--- START ---

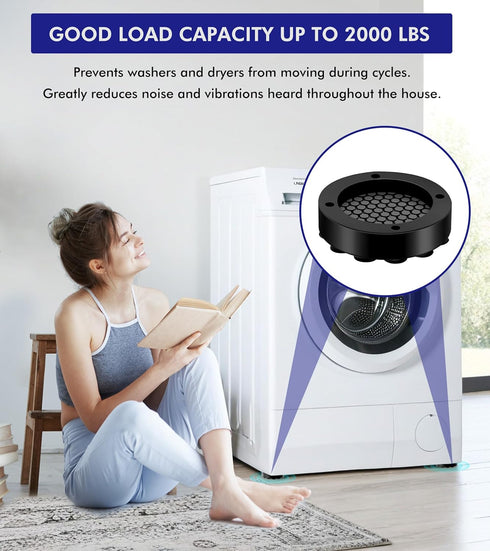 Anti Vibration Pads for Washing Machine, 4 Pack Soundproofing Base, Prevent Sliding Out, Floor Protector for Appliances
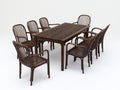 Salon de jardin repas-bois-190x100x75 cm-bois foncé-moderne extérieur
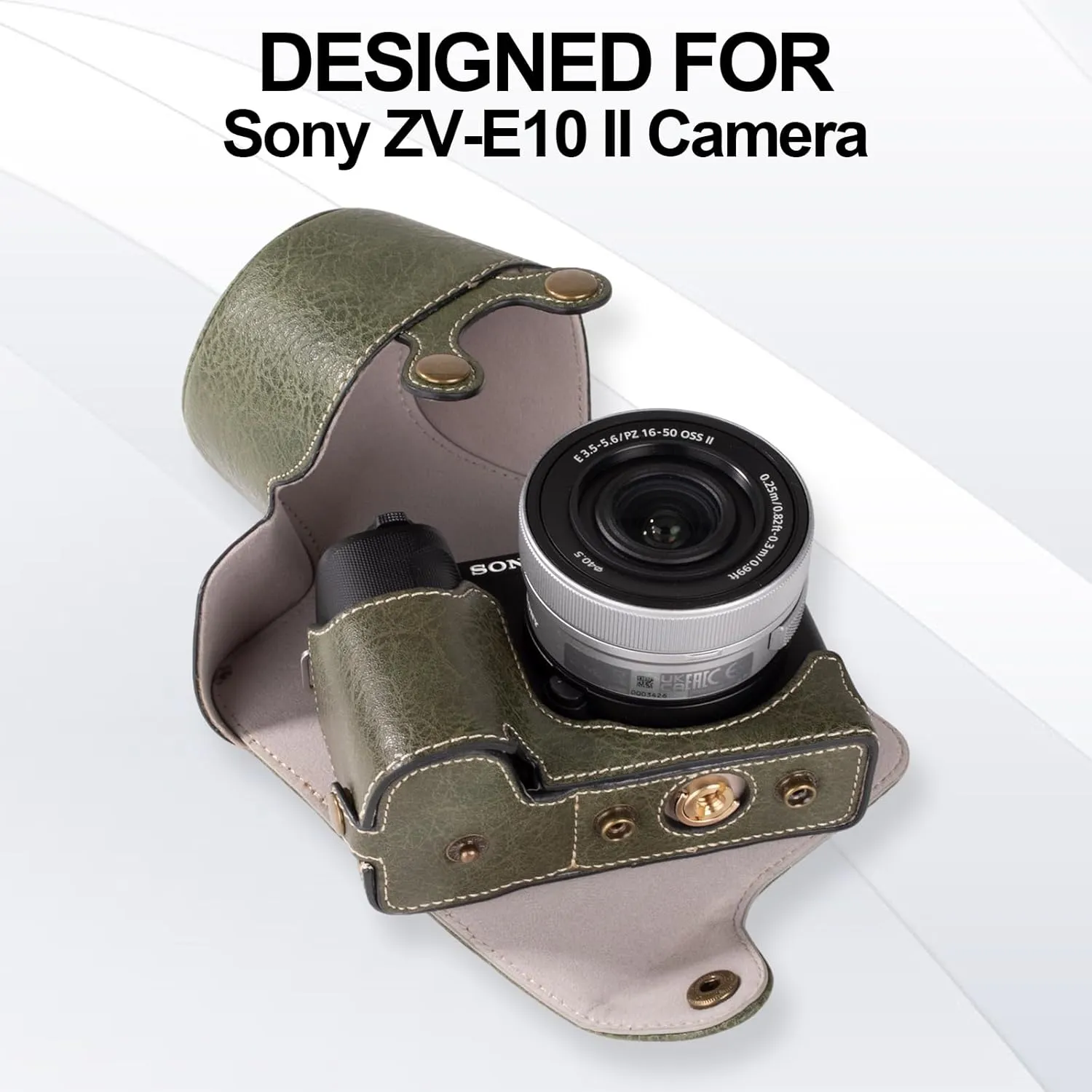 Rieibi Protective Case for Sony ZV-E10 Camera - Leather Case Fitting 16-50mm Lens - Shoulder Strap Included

--- END ---

Task directions
Give back word for word the lines from the one containing "Salon de jardin" through the final line of the data above. Pictures are to be left out.

Result of this exercise
 Salon de jardin repas-bois-190x100x75 cm-bois foncé-moderne extérieur
 Rieibi Protective Case for Sony ZV-E10 Camera - Leather Case Fitting 16-50mm Lens - Shoulder Strap Included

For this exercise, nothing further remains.